Not posted previously. Laziness.

Posted by rmrubin Posted in: Electronics Comments Off January 2008

Atmel AT91SAM7S, ARM7TMDI, OpenOCD and Olimex SAM7-H256 Doc Compilation

A document compilation for a recent purchase of an Olimex SAM7-H256 from SparkFun, an Atmel AT91SAM7S256 based breakout-header dev-board. Includes relevent manuals, datasheets, application notes, and example files from Atmel, ARM, the OpenOCD project, and board descriptions of the Olimex header board.

bzip2 compression was used to decrease file size from 100MB+ to only 35MB.

at91sam7s_docs_all.tar.bz2

Posted by rmrubin Posted in: Programming, Electronics Comments Off December 2007

AVR Synther ADSR Plan B: Success.

Flowcharts are neat. ADSR now works. Gain is exponential on all slopes. Planned adjustments include gain table increase from 256×16 to 1024×16, with a linear ramp mode for the attack mode. 8bit and 16bit output varients planned. Scope image is from a Tektronx 2230 in DSO mode using the Roll mode (as opposed to Scan) for capture of very long waveforms (greater than 3 seconds).

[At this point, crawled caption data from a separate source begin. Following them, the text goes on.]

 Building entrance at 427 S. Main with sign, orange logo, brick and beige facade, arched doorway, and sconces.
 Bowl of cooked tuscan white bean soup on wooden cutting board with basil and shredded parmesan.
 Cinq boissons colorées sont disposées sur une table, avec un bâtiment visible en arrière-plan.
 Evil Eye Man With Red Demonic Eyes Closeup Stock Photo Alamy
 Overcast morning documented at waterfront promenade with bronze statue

Posted by rmrubin Posted in: Programming, Electronics Comments Off December 2007

VFD Clock Tri-Rail SMPS Milled, Assembled, Working.

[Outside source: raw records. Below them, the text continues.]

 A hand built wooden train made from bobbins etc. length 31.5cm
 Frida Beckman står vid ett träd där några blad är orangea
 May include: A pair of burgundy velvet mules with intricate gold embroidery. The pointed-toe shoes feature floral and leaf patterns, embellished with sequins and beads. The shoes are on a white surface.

VFD clock parts have arrived.

In the interest of saving about 30W of power, a three output switcher supply was chosen for the design instead of a linear regulator setup. Also, the VFD tubes only work with positive grid and anode supplies, so the VFD driver IC will not be able to directly drive the tubes. NPN Darling transistor arrays, P-channel MOSFETs, and a 3 to 8 decoder will be used instead.

The pin sockets soldered directly to the board work perfectly.

Posted by rmrubin Posted in: Electronics Comments Off December 2007

AVR Synther ADSR Gain Envelope. Plan B…

Flowchart for the ADSR gain envelope code, done in Dia.

Posted by rmrubin Posted in: Programming, Electronics Comments Off December 2007

AVR Audio Synthesizer: Freq Done, Volume Done, ADSR Sucks

STK500/ATMega164P/R2R DAC based audio synthesizer. The scope is a Tektronix 2230 Analog/DSO. Tone generation is done using a 1024×8 sample table, DDS phase accumulator and fixed point math. Volume is done with a log gain lookup table adjusted for fixed point multiplication. ADSR sucks at the moment and only functions as very crappy distortion.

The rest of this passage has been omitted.